There are at least 2 problems with that code. Here's a better version:
use strict;
use warnings; # I bet you weren't using this, because it produced a lot
sub get_sorted_files {
my $path = shift;
opendir my($dir), $path or die "can't opendir $path: $!";
my %hash = map {$_ => (stat($_))[9] || undef} # avoid empty list
map { "$path$_" }
readdir $dir;
closedir $dir;
return %hash;
}
my %files = get_sorted_files("./");
foreach my $key (sort{$files{$a} <=> $files{$b}} keys %files) {
print "$key\t", scalar localtime($files{$key}), "\n";
}
First, you renamed $dir
in the original code to $path
, but didn't change it in the map
line. Your $dir
is a directory handle; that's where the GLOB(0x...) is coming from.
Second, all the modification dates read "Wed Dec 31 16:00:00 1969" because you were passing a bad pathname to stat
. (stat($_))[9]
was returning an empty list (because you were looking for a file like GLOB(0x3f9b38)status.txt
instead of the correct pathname) and so the hash actually wound up containing filenames as both keys and values.

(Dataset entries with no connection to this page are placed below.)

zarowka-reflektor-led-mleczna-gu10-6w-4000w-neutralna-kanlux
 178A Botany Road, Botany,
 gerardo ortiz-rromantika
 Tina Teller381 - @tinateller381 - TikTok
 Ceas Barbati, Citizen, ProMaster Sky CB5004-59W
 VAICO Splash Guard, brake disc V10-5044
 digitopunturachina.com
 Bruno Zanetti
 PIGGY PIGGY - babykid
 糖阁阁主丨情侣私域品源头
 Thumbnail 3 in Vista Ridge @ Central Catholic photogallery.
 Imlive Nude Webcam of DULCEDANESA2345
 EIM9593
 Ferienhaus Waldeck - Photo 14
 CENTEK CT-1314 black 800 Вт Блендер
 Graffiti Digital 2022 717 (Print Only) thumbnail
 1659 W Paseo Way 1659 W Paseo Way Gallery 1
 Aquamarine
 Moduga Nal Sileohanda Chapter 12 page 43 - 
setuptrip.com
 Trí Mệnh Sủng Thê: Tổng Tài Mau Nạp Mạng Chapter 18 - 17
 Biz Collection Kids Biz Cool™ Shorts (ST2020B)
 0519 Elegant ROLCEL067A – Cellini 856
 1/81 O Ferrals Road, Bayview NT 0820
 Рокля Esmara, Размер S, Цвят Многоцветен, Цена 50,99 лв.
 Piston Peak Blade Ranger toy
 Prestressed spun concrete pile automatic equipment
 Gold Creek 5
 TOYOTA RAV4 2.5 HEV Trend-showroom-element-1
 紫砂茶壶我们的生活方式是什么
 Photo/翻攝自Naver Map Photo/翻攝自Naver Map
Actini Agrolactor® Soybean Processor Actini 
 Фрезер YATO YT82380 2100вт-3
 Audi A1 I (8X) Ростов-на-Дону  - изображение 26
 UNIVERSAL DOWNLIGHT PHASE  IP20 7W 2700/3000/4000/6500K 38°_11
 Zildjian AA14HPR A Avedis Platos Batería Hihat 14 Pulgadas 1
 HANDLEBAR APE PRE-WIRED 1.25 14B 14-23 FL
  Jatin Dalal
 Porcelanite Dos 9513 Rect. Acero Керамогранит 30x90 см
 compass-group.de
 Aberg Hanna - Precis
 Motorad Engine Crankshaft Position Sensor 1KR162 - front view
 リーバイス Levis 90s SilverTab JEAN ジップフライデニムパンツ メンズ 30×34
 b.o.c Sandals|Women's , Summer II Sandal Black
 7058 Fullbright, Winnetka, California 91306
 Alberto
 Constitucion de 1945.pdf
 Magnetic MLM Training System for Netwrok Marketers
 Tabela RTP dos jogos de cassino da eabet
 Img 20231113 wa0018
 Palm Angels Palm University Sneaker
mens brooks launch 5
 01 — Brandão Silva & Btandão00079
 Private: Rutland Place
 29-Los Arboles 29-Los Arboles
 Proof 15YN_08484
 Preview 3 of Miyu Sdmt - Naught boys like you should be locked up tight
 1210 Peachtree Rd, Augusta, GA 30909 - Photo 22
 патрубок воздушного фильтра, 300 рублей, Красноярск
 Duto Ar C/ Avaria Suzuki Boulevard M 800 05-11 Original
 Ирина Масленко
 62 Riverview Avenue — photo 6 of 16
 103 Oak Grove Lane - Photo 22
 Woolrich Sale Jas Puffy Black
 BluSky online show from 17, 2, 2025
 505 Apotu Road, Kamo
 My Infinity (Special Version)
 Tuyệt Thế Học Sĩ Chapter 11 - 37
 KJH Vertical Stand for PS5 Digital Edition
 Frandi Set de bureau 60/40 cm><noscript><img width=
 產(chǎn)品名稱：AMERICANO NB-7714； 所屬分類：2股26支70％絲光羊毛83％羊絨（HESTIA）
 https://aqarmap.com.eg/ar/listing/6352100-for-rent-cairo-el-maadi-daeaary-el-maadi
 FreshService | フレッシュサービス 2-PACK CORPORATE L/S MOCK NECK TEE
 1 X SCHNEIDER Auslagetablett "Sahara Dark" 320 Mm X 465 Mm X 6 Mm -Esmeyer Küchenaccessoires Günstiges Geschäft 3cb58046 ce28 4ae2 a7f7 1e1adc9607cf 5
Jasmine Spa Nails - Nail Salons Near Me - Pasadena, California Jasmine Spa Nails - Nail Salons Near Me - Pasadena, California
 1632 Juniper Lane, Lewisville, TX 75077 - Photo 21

The first filename was a key, the second was its value, the third was the next key, and so on. localtime
was converting the filename to a number (yielding 0), and then converting epoch time 0 (1-Jan-1970 0:00:00 UTC) to your timezone.
Third, it expects $path
to end with a directory separator, and you were passing "."
. You'd need to pass "./"
, or better yet, fix it so the function appends a separator if needed.
Fourth, the grep
no longer did anything and should be removed. (In the original code, it selected only certain filenames, but you'd changed the pattern to match anything.)
As for how it sorts filenames: get_sorted_files
returns a list of pathnames and modification times, which you store into the %files
hash. keys %files
returns the list of keys (the filenames) and sorts them by a numeric comparison of the associated value (the modification time).